Diabetic kidney diseases are formally referred to as Diabetic Nephropathy. Among diabetics, nephropathy is one of the most common causes of death. Diabetes is the number one cause of kidney failure leading to dialysis. Early indications that kidney disease exists may not be obvious, but the disease is progressive. Some people don’t discover they have kidney disease until renal failure occurs. An annual screening may detect the presence of microalbumin in the urine, a potential indicator of the individual being at a high risk for kidney disease.[6]

Heart and Cardiovascular Issues

When fat or cholesterol (lipids) are not managed and clog your arteries, atherosclerosis develops. Commonly referred to as “hardening of the arteries”, blood flow is restricted due to the cholesterol buildup. Chest pains are the earliest symptom when you develop coronary artery atherosclerosis. Known as angina pectoris, the intensity of the pain can be quite relentless. However, many people develop coronary heart disease with no or very mild symptoms until an artery is almost blocked leading to stroke or heart attack. Diabetic patients have the same risk of having a heart attack as somone who has already had a heart attack.

The risks of developing heart failure and atherosclerosis are reminders that any time you spend controlling your diabetes may equate to time you have in your lifetime without cardiovascular issues.

Peripheral Vascular Disease

Peripheral vascular disease involves atherosclerosis also, but it’s the extremities that are affected.  Once again, it is the result of the fatty degeneration of the middle coat of the arterial wall when cholesterol collects within the arteries. Blocked arteries cause poor circulation to the legs, feet or hands causing a number of problems. The lack of blood causes numbness, sores, leg cramps and cold limbs. This can often make it difficult to walk due to pain, even distances as short as to your mailbox.
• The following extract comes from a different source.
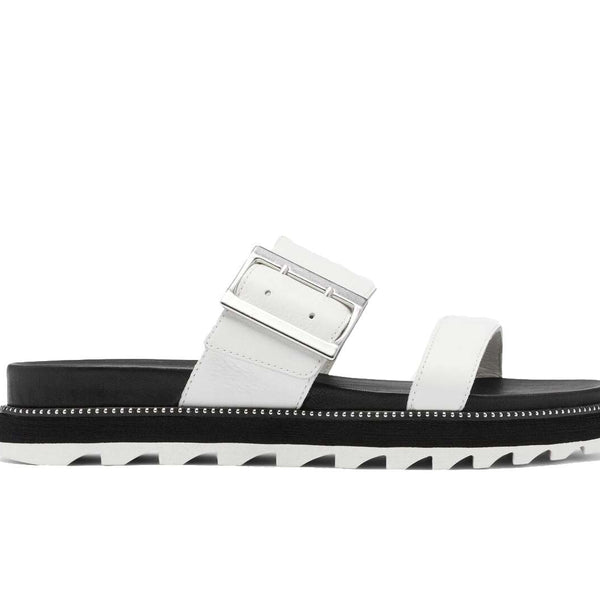 SOREL WOMENS ROAMING BUCKLE SLIDE (previous Season)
Another name for a stroke is a cerebro-vascular accident (CVA). There are several types including the following:

  • Ischemic stroke – an artery leading to the brain is blocked
  • Transient ischemic attack (TIA) – temporary interruption in the blood flow to a section of the brain
  • Hemorrhagic stroke – blood vessel in the brain either leaks or breaks; most frequent cause is high blood pressure

The immediate cause of any stroke is the disruption of the blood supply to the brain. The root cause, however, may actually be atherosclerosis which has advanced more rapidly due to diabetes and hypertension (high blood pressure).

Skin Disease

Diabetes can affect your skin in several ways. It may manifest any of a number of problems by being dry or overly moist. There may be blisters, erosions (loss of dermis), ulcers and hemorrhage. Your skin will feel itchy and even flaky. These are indications of poor diabetes management.
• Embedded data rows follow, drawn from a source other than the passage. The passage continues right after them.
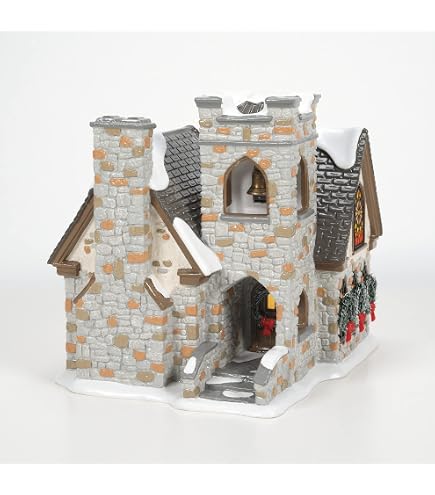 Amazon.com: Dept 56 Lighted Knottinghill Church (#55824, Heritage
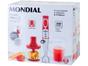 Mixer Mondial 500W Vermelho Premium Power Mixer 2 Velocidades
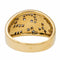 Bague 53 Bague Bandeau Or jaune Diamant 58 Facettes 2669457CN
Skin conditions are common among diabetics. They include bacterial and fungal infections, Acanthosis Nigricans (darkening of the skin on the back of your neck), and diabetic dermopathy.

Sexual Dysfunction

Dryness of the vagina and erectile dysfunction are complications of diabetes. Worry about being diabetic and the effort it takes to manage the disease can also lead to actual physical and emotional problems that impact sexual functioning.
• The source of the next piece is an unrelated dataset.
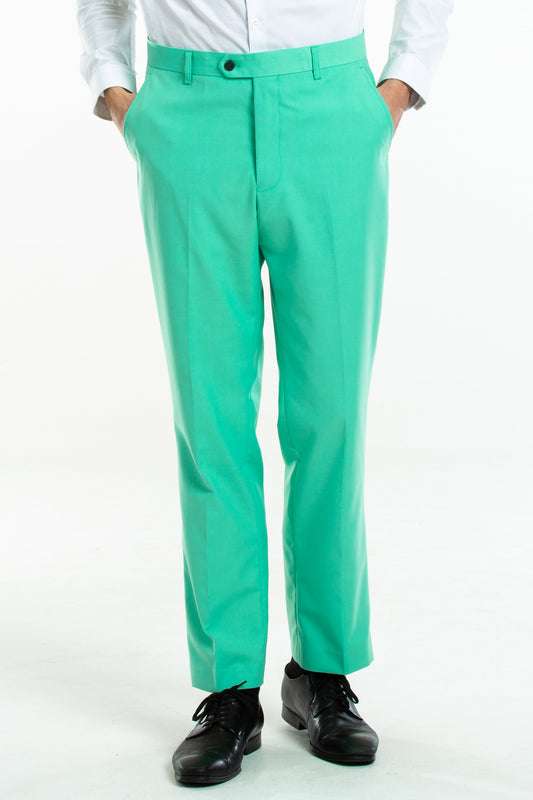 The Atlantic | Teal Pastel Suit Pants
There are many long term complications associated with diabetes. That is yet another reason why you should carefully manage this disease. The long term complications are serious and can shorten your lifespan. The good news is that keeping your blood glucose levels within normal range can prevent most of the problems associated with diabetes.


[1] David J. Browning, DJ (2010) “Diabetic Macular Edema” in Diabetic Retinopathy Browning, DJ (ed). New York: Springer, p 141-202.

[2] American Diabetes Association (2009). Type 2 Diabetes. Your Healthy Living Guide. Alexandria, VA: ADA.

[3] Masharani, U (2008). Diabetes DeMYSTiFieD. New York: McGraw Hill.

[4] Levin, ME; and Pfeiffer, MA (editors) (2009). The Uncomplicated Guide to Diabetes Complications, 3rd ed. Alexandria, VA: ADA.

[5] Stanley, K (2009). 50 Things You Need To Know About Diabetes. Alexandria, VA: ADA.

[6] Tesch, GH (2010). “Macrophages and Diabetic Nephropathy.” Seminars in Nephrology, 30(3): 290-301.